There are a variety of approaches to informing the base device which remote device to track. One approach is to use the UI on the remotes to signal the base device 104. For example a UI switch on a remote is turned on to indicate the remote to track. A gesture measured by the remote (“throwing” control back and forth in a simulated, or real fashion in the example of throwing a ball), measured, for example, as a peak acceleration value that exceeds a stored threshold by the accelerometer to demonstrate which remote to follow.

Voice activation can be used to determine which remote should be tracked by the imager 116. The remote microphone records the user's voice and sends it over RF communications to the base. An envelope detector (amplitude peak detector) is used to determine the presence of sound. When a sound is detected by the remote, the base device 104 selects that remote to track. When speaker stops, the corresponding remote is tracked until the second user/speaker uses his voice. At this point, base device 104 switches to the new remote to track. In this way, the imager shuttles back and forth between speakers in conversations.

An alternate method to select the remote to track is to use a microphone driven data packet that turns on corresponding remote's IR LEDs for a specified period of time, at the end of which the signal stops and the system holds. Tracking resumes when new IR signal is received. An additional alternative method is to compare time of flight difference between the different remotes' audio streams. The remote which has the least delay in the audio stream is tracked by the base.

More complex algorithms which take into account 3D position data of multiple remotes. Examples are averaging algorithm (find average position of all available remotes and point imager at the average position) or time division algorithm (point imager at each available remote for a certain period of time).

Another approach to the use of two remotes in the system is that of having different roles (for example, distinguishing “target” versus “director”). A target remote is defined as the remote to be tracked by the imaging system as defined before. A director remote is identified as such manually by the users as described above through a remote interface provided, or the second user can simply be outside of the usable range of the quad cell IR sensor. The director remote is not used for object tracking. A remote designated as a dedicated director remote by selecting unique RF identifiers or optical frequencies. The base device receives commands from the director remote through RF communications and uses that for imaging control and other data input needs for follow-up editing.

The foregoing description and drawings of embodiments in accordance with the present invention are merely illustrative of the principles of the invention.
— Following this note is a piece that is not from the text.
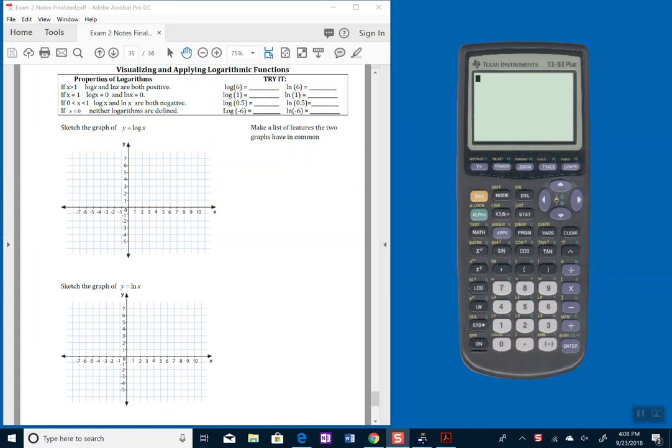Some of the properties of logarithms that you'll want to pay attention to: if x, that argument, is greater than 1, then the output of both log base 10 and natural log of x are going to be a positive number.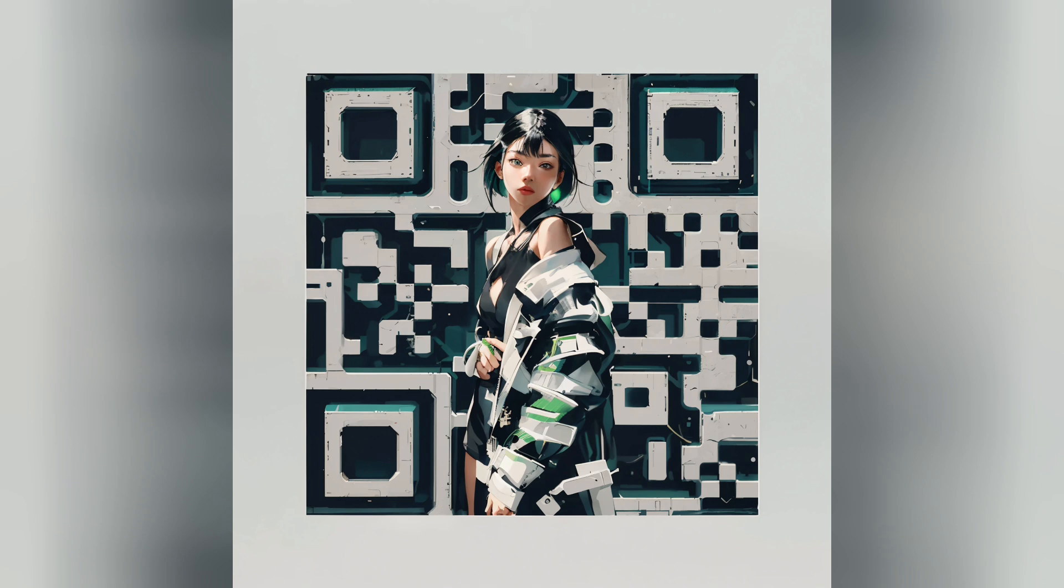Welcome! Today we're diving into the creation of a one-of-a-kind QR code with an incredible design. So without further ado, let's embark on this creative journey.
Therefore, it will be understood that various modifications can be made to the embodiments by those skilled in the art without departing from the spirit and scope of the invention, which is defined in the appended claims.

Claims

1. A method to track an object comprising:

directing a video imager to perform image recognition to recognize a feature of the object within an imager field of view and to determine a position of the feature within the field of view;

transmitting an infrared (IR) signal by an IR transmitter disposed upon the object;

using an IR sensor to determine a position of the infrared (IR) transmitter; and

automatically adjusting orientation of the imager based upon the position of the recognized feature within the field of view and the determined position of the IR transmitter to follow movement of the object.

2. The method of claim 1,

wherein automatically adjusting includes adjusting as a function of an offset between a location of a portion of the object that includes the recognized feature and a location on a portion of the object upon which the IR transmitter is disposed.

3. The method of claim 1,

wherein the IR sensor is disposed adjacent to the imager.

4. The method of claim 1,

wherein the video imager is mounted upon a servo system; and

wherein automatically adjusting orientation of the imager includes using the servo system to adjust the orientation of the imager.

5. The method of claim 1,

wherein automatically adjusting orientation of the imager includes cropping an image within the imager field of view.

6. The method of claim 1,

wherein automatically adjusting orientation of the imager includes configuring a processor to implement a sensor fusion process to determine an updated final position of the object as a function of the position of the recognized feature within the field of view and the determined position of the IR transmitter.

7. The method of claim 1,

wherein the video imager is mounted upon a servo system;

wherein automatically adjusting orientation of the imager includes configuring a processor to implement a sensor fusion process to determine an updated final position of the object as a function of the position of the recognized feature within the field of view and the determined position of the IR transmitter; and

wherein automatically adjusting orientation of the imager further includes using the servo system to adjust the orientation of the imager based upon the determined final position of the object.

8. The method of claim 1

using first sensor data generated by a motion sensor to detect position of the object;

wherein automatically adjusting orientation of the imager includes configuring a processor to implement a sensor fusion process to determine an updated final position of the object as a function of the position of the recognized feature within the field of view and the determined position of the IR transmitter and the first sensor data.

9. The method of claim 8,

wherein the first sensor is mounted upon the object.

10. The method of claim 1

using second sensor data generated by an audio sensor to detect position of the object;

wherein automatically adjusting orientation of the imager includes configuring a processor to implement a sensor fusion process to determine an updated final position of the object as a function of the position of the recognized feature within the field of view and the determined position of the IR transmitter and the second sensor data.

11. The method of claim 1

using first sensor data generated by a motion sensor to detect position of the object;

wherein automatically adjusting orientation of the imager includes configuring a processor to implement a sensor fusion process to determine an updated final position of the object as a function of the position of the recognized feature within the field of view and the determined position of the IR transmitter and the first sensor data and the first sensor data and the second sensor data.

12. A system comprising:

a video imager configured to perform image recognition to recognize a feature of an object within an imager field of view and to determine a position of the feature within the field of view;

an IR transmitter disposed upon the object to transmit an infrared (IR) signal;

an IR sensor disposed to determine a position of the infrared (IR) transmitter; and

means for determining a position as a function of a recognized feature within the field of view and a determined position of the IR transmitter.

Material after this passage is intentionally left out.